# Peppermint Experience w/Benny Benassi



## jini (Jun 2, 2011)

Hello Everyone, my name is Jini and I just moved to Dubai from the states about a month ago. I am here living with my Aunt and Uncle until I get my own place. I just got a job about a week ago, so once my probationary period is over I plan on finding a place of my own. Anyway, that is a bit off the topic of this thread. I'm new here and I don't know anybody other than my Aunt and Uncle and their social circle, which are obviously quite a bit older than me. I'm looking to meet other expats and to start getting out there and doing stuff, now that the stress of my job hunt is finally over. On June 10th there is a concert, Peppermint Experience with Benny Benassi at DWTC and I really really want to go. He is an amazing DJ that I never thought I would get the chance to see live since I'm from a small town in the US with no night life to speak of. Anyway, I don't really want to go alone and I think it would be a great environment to get to know people. I'm outgoing, I like having a good time, I'm sociable, and I can drink like a fish, so if anybody else is down to go to this with me and not make me feel like a total ******* for going alone LOL, just let me know. In case this is relevant, I'm Female, 26, Indian origins, and I grew up in the UK and the US. Hope to hear from some people.

Cheers!


----------



## Dubai_NewKid (Feb 17, 2011)

Hey Gini, Welcome to Dubai...i have myself recently moved here....ive marked the date down in my calendar for the event! its goin to be a killer nite.
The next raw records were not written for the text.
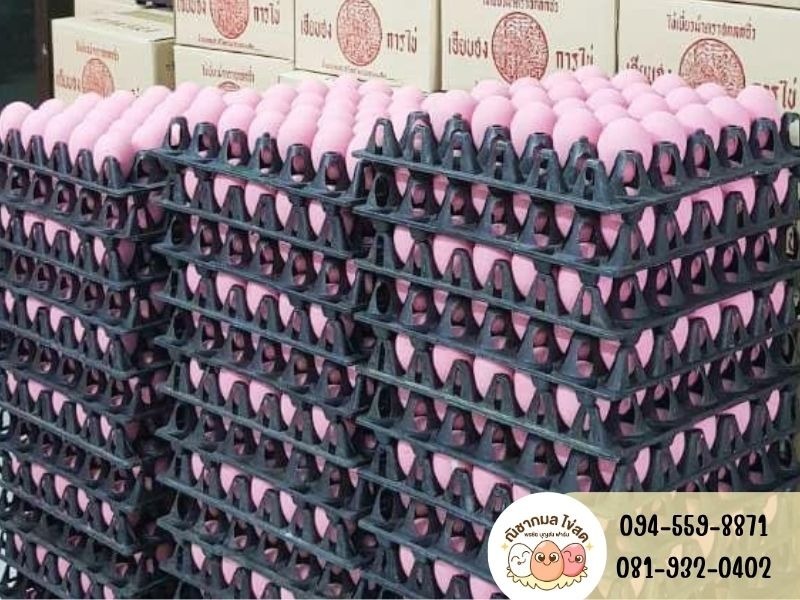 ขายส่งไข่เยี่ยวม้า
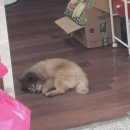 분당-282 이미지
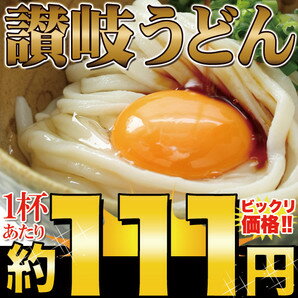 【送料無料】【同梱不可】【ゆうメール出荷】鎌田醤油特製ダシ醤油9袋付き！讃岐うどん9食分900g（300g×3袋）(SM00010277)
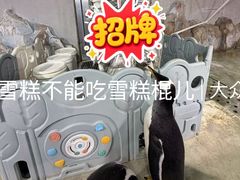 -大连圣亚海洋世界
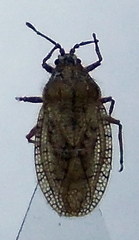 Tingis pilosa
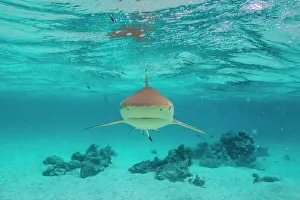 Moorea Prints: French Polynesia, Moorea. Front view of black-tipped reef shark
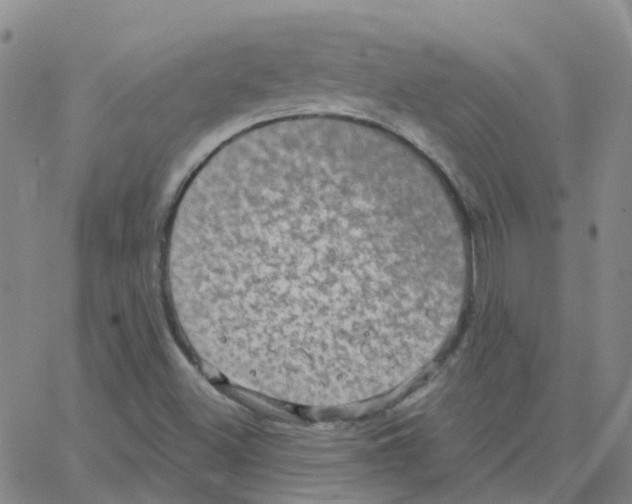 X0000064741500200603131305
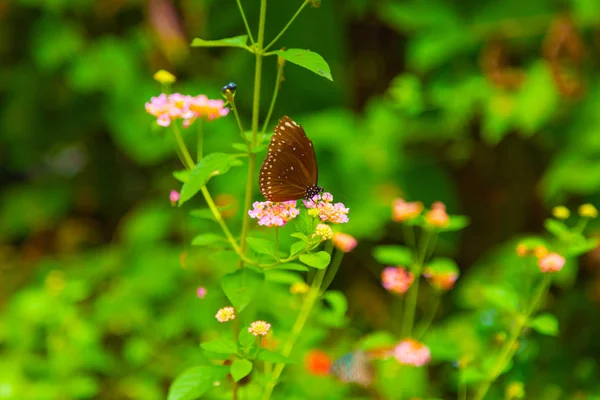 太陽の光の中で緑の葉のある花の上に座っている蝶 — ストック写真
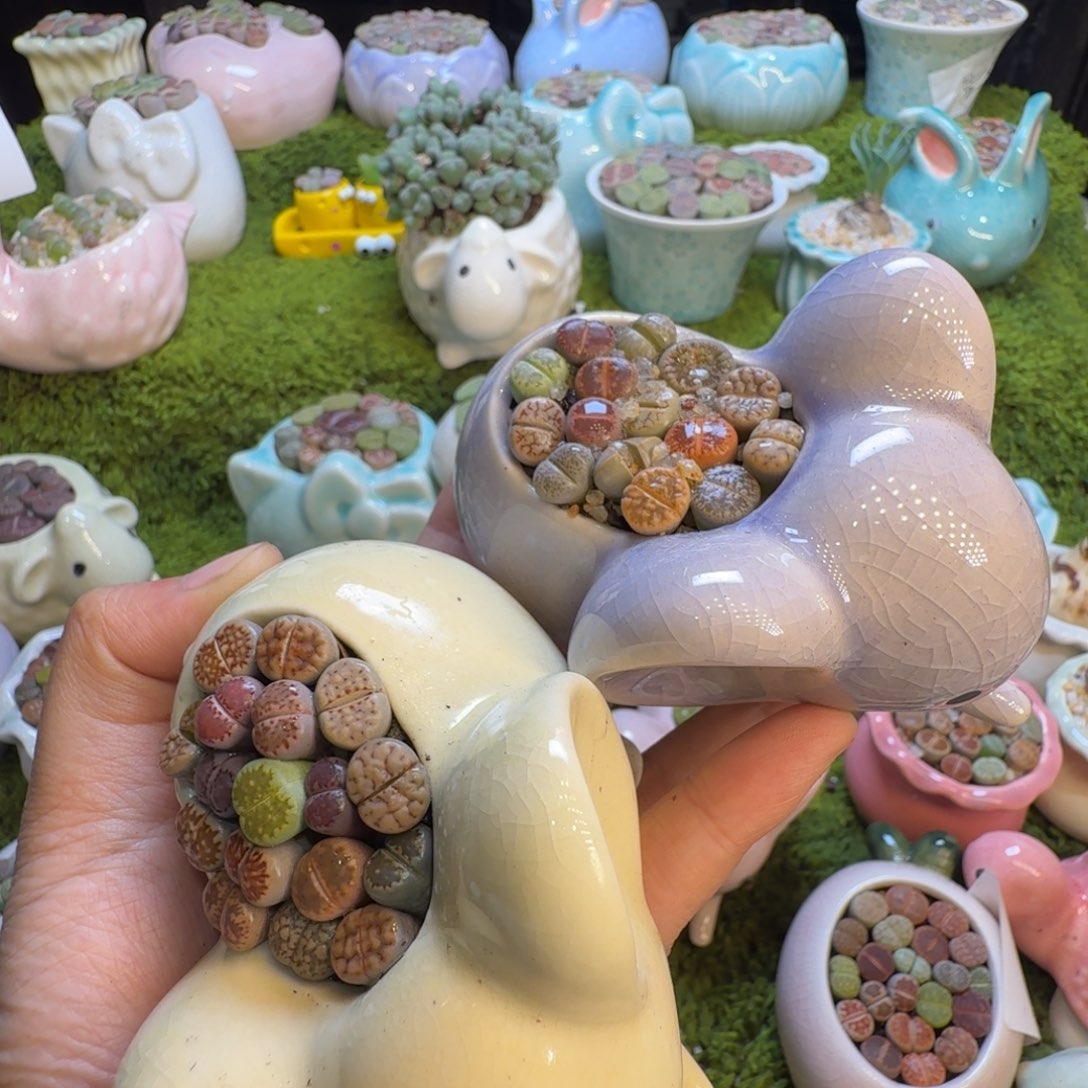 肆***风多肉植物开播福利18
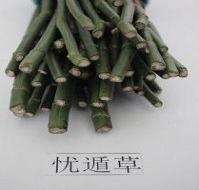 忧遁草茶的功效与作用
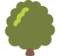 Albero Deciduo
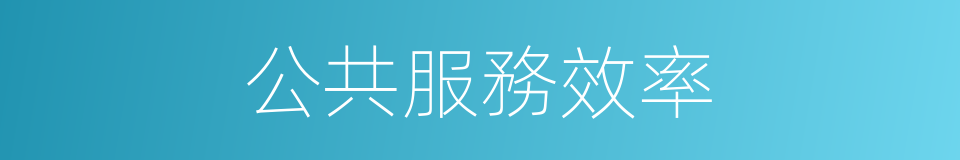 公共服務效率的同義詞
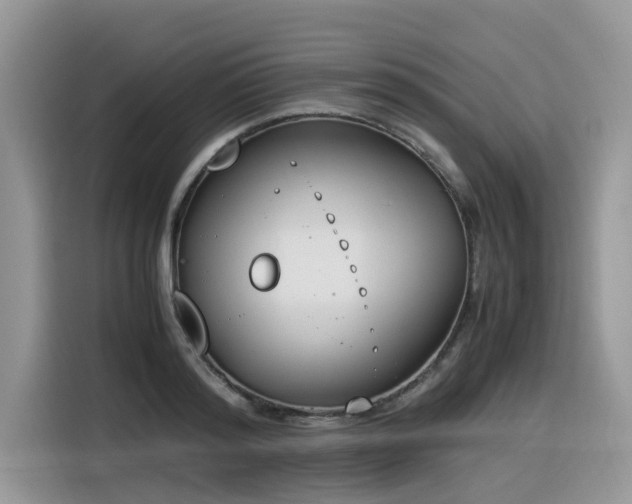 X0000116330796200912011131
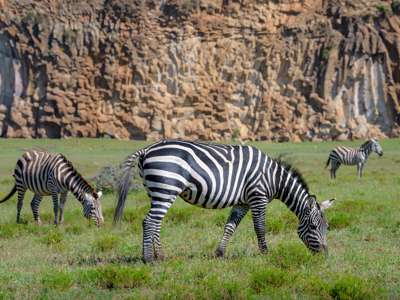 Kenia en Tanzania, 13-dagen - Dag 3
Also if you want to dosomethin before this, we are surely going to be partyin on the weekend! oh i almost forgot.....weekends here!!! YAAAAyyyyyyyy


----------



## tattyscone (May 24, 2011)

Cant beat a bit of Benny, might be up for it!


----------



## jini (Jun 2, 2011)

Dubai_NewKid said:


> Hey Gini, Welcome to Dubai...i have myself recently moved here....ive marked the date down in my calendar for the event! its goin to be a killer nite.
> 
> Also if you want to dosomethin before this, we are surely going to be partyin on the weekend! oh i almost forgot.....weekends here!!! YAAAAyyyyyyyy



Yes yes yes I want to do something before too!! Any plans this weekend? I don't technically start my job till Sunday so I have this weekend to really party it up. So is it cool if I go with you guys to this show also? Then I can go ahead and buy tickets. Woot! I'm excited.


----------



## jini (Jun 2, 2011)

tattyscone said:


> cant beat a bit of benny, might be up for it!


do it!!!


----------



## pamela0810 (Apr 5, 2010)

Who is Benny?


----------



## Jynxgirl (Nov 27, 2009)

Oh you silly girl... how do you not know ?? 
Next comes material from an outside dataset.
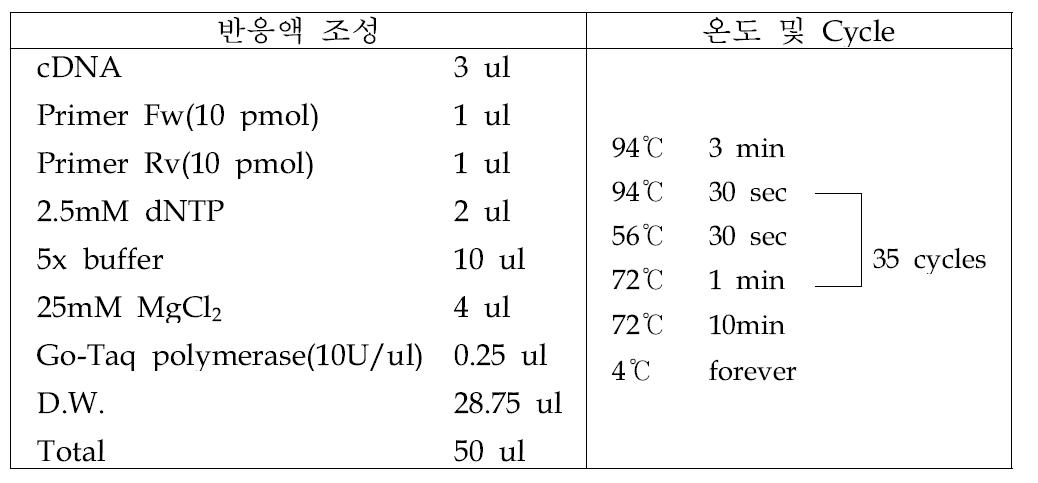 익모초 황화모틀 바이러스 진단을 위한 중합효소연쇄반응 조건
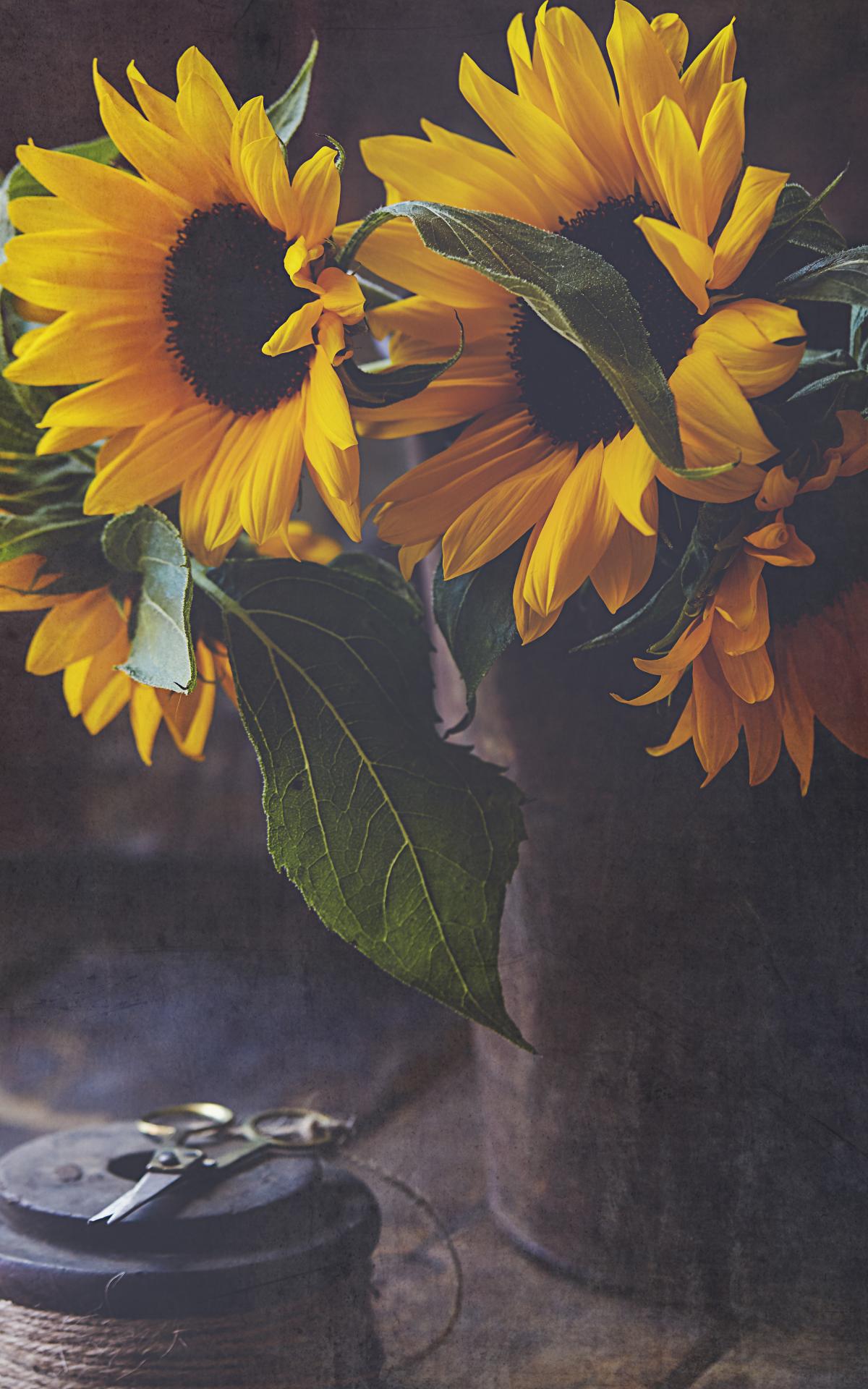 Sunflowers Flowers Bouquet Floristry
Benny Benassi - Wikipedia, the free encyclopedia


----------



## pamela0810 (Apr 5, 2010)

What is up with all these DJs?! Where are all the bands??


----------



## akdubai (Mar 10, 2011)

jini said:


> On June 10th there is a concert, Peppermint Experience with Benny Benassi at DWTC and I really really want to go.
> 
> Cheers!


I'm not a big fan of Peppermint events, but I don't want to miss Benny Benassi. Count me in 
Should I go ahead and get a ticket or do we need more people to confirm first?

Cheers


----------



## jini (Jun 2, 2011)

akdubai said:


> I'm not a big fan of Peppermint events, but I don't want to miss Benny Benassi. Count me in
> Should I go ahead and get a ticket or do we need more people to confirm first?
> 
> Cheers


Get a ticket! I'm going to get mine today! Should be an awesome time.


----------



## jini (Jun 2, 2011)

pamela0810 said:


> What is up with all these DJs?! Where are all the bands??
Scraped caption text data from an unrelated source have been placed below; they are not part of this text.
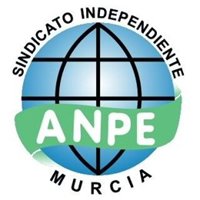 ANPE Murcia dice que el curso escolar comienza con un 4% de plazas de profesores no asignadas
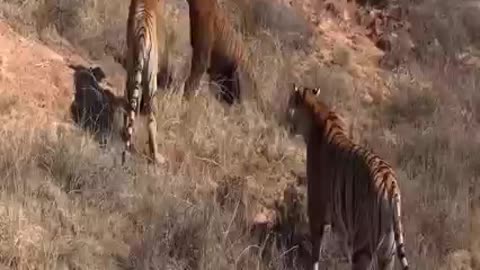 Tiger fighting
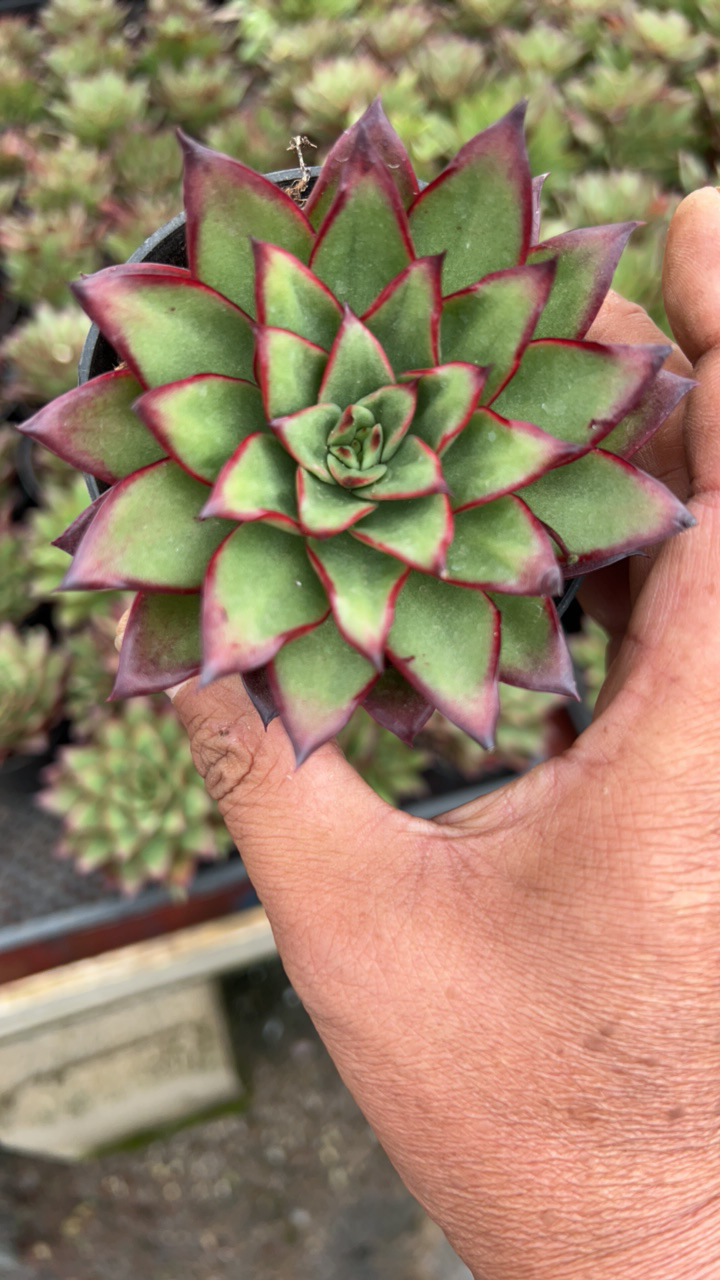 欧若拉多肉植物组合盆栽带盆（全场凑单满9元包邮。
I agree with you, dj's are pretty big out here like in Europe. I actually used to work in event and music promotion back in the States and I really miss seeing bands. My brother has played in a lot of them and I used to be at shows two or three times a week for work. I think it will start to pick up out here though, the music scene seems to be a little behind. I'll keep a look out for the good shows and let you know for sure though. Maybe we can go


----------



## indoMLA (Feb 6, 2011)

1. Tell me more about this Benny Benassi, why is he so popular?
2. Is this is club thing/event?
3. How much are the tickets?
4. What does "Peppermint Experience" mean?


----------



## Mr Rossi (May 16, 2009)

indoMLA said:


> 1. Tell me more about this Benny Benassi, why is he so popular?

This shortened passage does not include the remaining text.